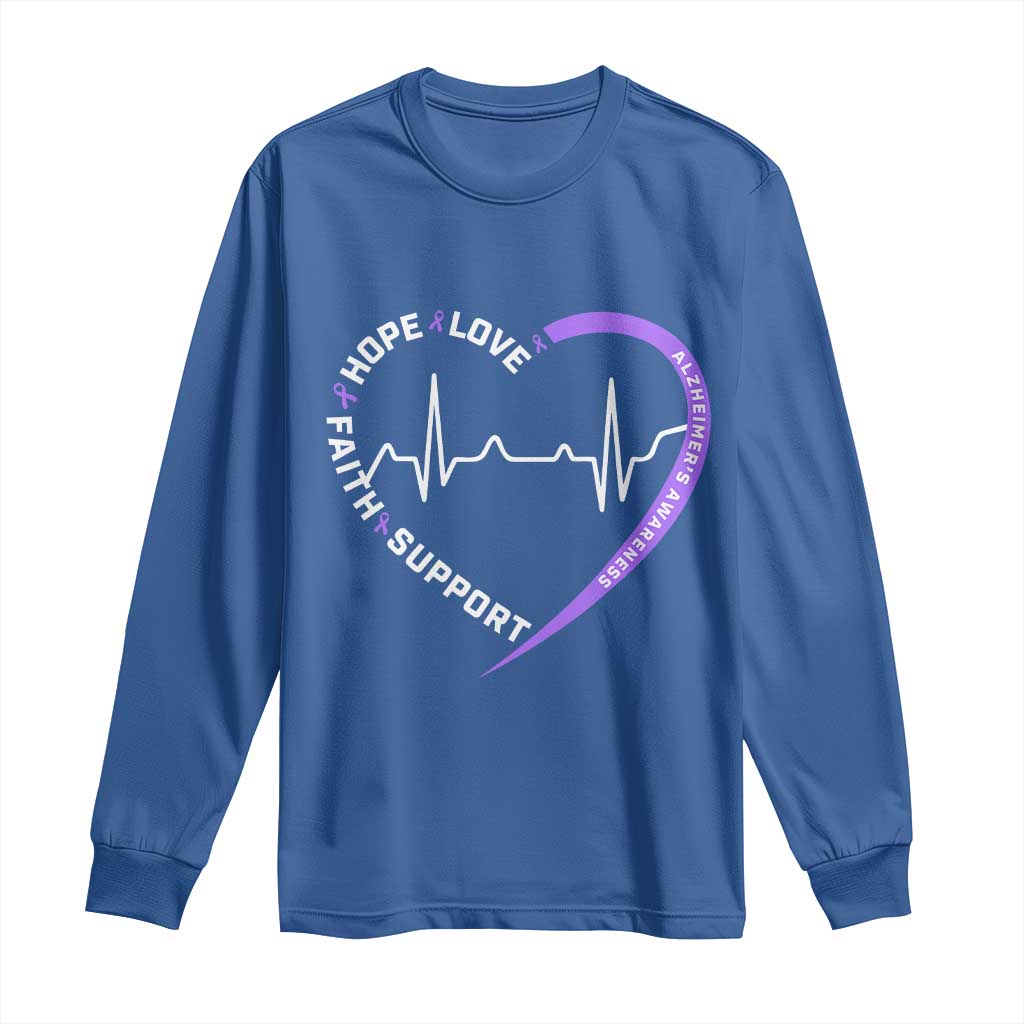 Alzheimers Awareness Heart Heartbeat Purple Ribbon Long Sleeve Shirt Hope Love Faith Support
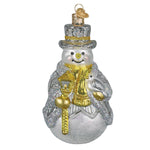 Old World Christmas Sterling Snowman Ornament - hand-blown glass Christmas tree ornament (view 2)
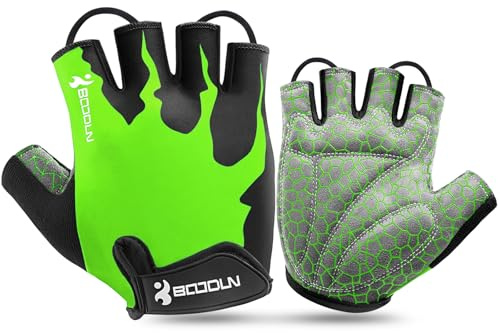 KONVINIT Guantes de Ciclismo Hombres Mujeres,Guantes de Bicicleta,Medio Dedo Guantes MTB,Acolchado Absorción de Impactos Guantes Bici para al Aire Libre de Ciclismo,Carretera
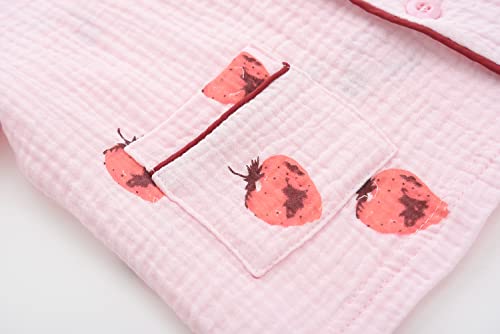 Image of BINIDUCKLING Toddler Pajama Set Short Sleeve Sleepwear Boy Girl Button Down Pjs Cotton Loungewear Nightclothes
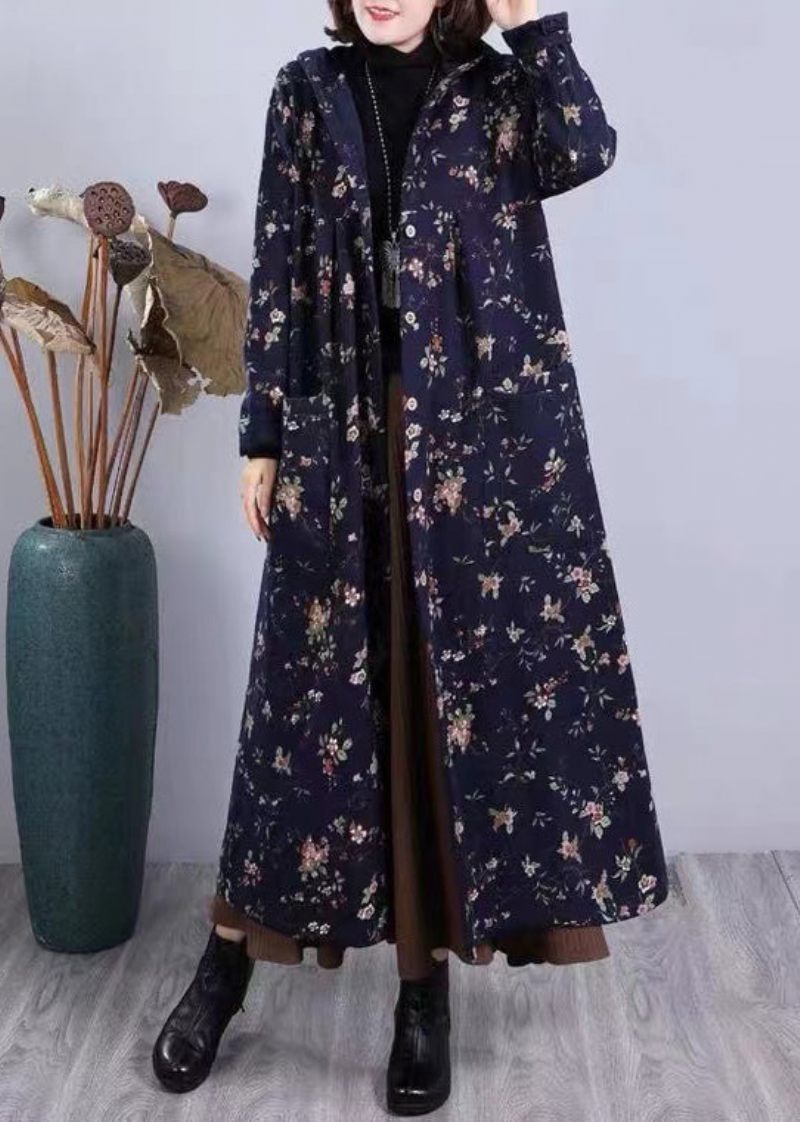 Boho Rödtryck Fickor Patchwork Varm Fleece Huvkappa Vinter - Vinterkappor för kvinnor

WHAT YOU SHOULD DO: The lines to repeat run from the line containing "Image of BINIDUCKLING" through the end of the listing above, both included; give them exactly and without pictures.

SOLUTION TO THIS EXERCISE:
 Image of BINIDUCKLING Toddler Pajama Set Short Sleeve Sleepwear Boy Girl Button Down Pjs Cotton Loungewear Nightclothes
 Boho Rödtryck Fickor Patchwork Varm Fleece Huvkappa Vinter - Vinterkappor för kvinnor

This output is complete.